_What to do:_
Each line of the listing, apart from the pictures, is to be printed exactly.

_Raw data:_
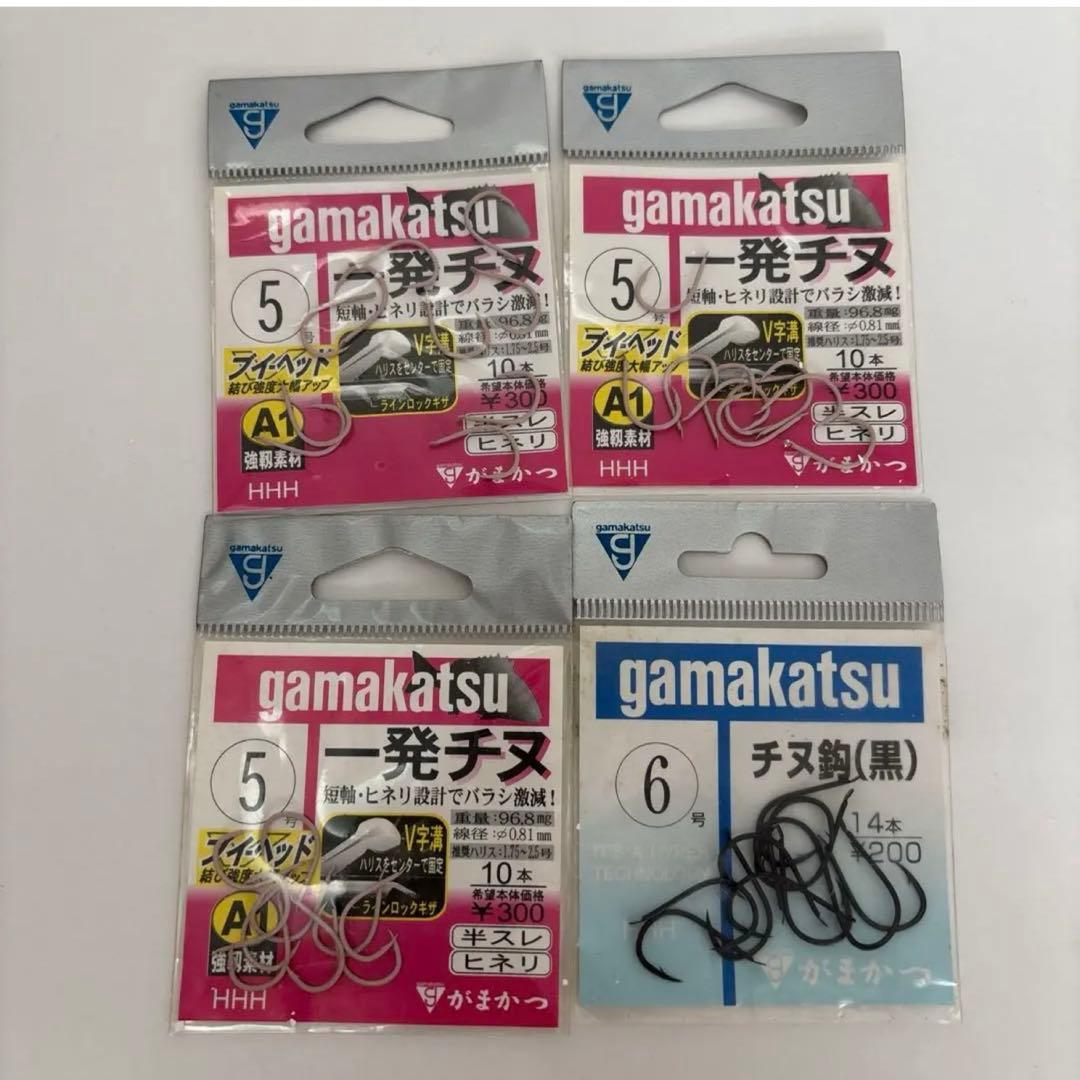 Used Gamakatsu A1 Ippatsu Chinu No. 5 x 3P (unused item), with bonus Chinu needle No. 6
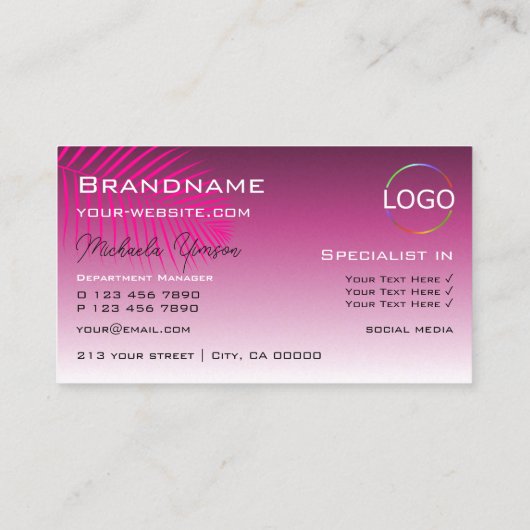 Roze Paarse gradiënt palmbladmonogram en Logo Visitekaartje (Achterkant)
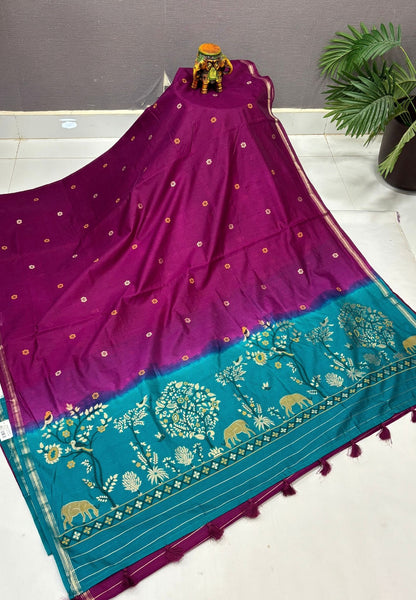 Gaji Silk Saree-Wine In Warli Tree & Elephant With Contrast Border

_Output of the exercise:_
 Used Gamakatsu A1 Ippatsu Chinu No. 5 x 3P (unused item), with bonus Chinu needle No. 6
 Roze Paarse gradiënt palmbladmonogram en Logo Visitekaartje (Achterkant)
 Gaji Silk Saree-Wine In Warli Tree & Elephant With Contrast Border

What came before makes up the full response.